The elements of Benedict’s “hermeneutic of reform” are nothing new in the life of the Church. Both Yves Congar in the 1960s and John Henry Newman in the late 1800s made exactly the same arguments for genuine reform: the application of a principle of internal ressourcement is the only way to a true expression of catholicity. Here I quote from Congar and Newman respectively:
“There are only two possible ways of bringing about renewal or updating. You can either make the new element that you want to put forward normative, or you can take as normative the existing reality that needs to be updated or renewed … You will end up with either a mechanical updating in danger of becoming both a novelty and a schismatic reform, on the one hand, or a genuine renewal (a true development) that is a reform in and of the Church, on the other hand.”
“Those [developments] which do but contradict and reverse the course of doctrine which has been developed before them, and out of which they spring, are certainly corrupt; for a corruption is a development in that very stage in which it ceases to illustrate, and begins to disturb, the acquisitions gained in its previous history.”
It is no mere coincidence that both Newman and Congar are universally recognised as being two of the great “prophets” who shaped the reforming agenda taken up by the Second Vatican Council.

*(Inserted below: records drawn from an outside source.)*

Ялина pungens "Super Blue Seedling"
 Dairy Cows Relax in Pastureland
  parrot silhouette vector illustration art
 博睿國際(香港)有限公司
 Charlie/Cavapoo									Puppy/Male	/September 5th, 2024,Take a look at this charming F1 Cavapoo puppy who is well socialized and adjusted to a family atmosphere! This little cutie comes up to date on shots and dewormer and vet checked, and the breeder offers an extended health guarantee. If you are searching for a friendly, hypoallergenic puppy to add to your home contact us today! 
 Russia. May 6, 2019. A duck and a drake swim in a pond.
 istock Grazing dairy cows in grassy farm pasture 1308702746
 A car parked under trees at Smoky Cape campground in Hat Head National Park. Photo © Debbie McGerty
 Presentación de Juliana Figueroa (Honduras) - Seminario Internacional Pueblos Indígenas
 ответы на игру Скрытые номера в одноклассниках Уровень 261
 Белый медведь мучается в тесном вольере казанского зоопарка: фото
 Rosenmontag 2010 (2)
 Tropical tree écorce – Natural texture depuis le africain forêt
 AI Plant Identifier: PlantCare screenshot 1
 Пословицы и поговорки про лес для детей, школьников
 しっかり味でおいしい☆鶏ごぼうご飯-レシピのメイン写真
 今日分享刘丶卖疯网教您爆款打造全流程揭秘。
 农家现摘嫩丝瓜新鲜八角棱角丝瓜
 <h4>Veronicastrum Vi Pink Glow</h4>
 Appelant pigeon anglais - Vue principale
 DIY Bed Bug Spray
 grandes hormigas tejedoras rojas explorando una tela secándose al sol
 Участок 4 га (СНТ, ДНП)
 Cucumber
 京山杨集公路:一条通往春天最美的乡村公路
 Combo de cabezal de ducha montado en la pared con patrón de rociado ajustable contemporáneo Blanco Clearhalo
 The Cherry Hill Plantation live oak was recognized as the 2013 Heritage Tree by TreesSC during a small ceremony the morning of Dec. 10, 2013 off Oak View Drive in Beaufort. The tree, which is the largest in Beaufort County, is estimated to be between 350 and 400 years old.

Any analysis of the reception of the Council in the life of the Church today, any contemporary call for reform in the life of the Church precipitated by current events and times, and any reform proposed by Pope Francis, would do well to keep in mind the elements by which genuine ecclesial reform will happen. As a theological friend from outside of the Catholic tradition has recently put it, “No one who has not learned to be traditional can dare to innovate.”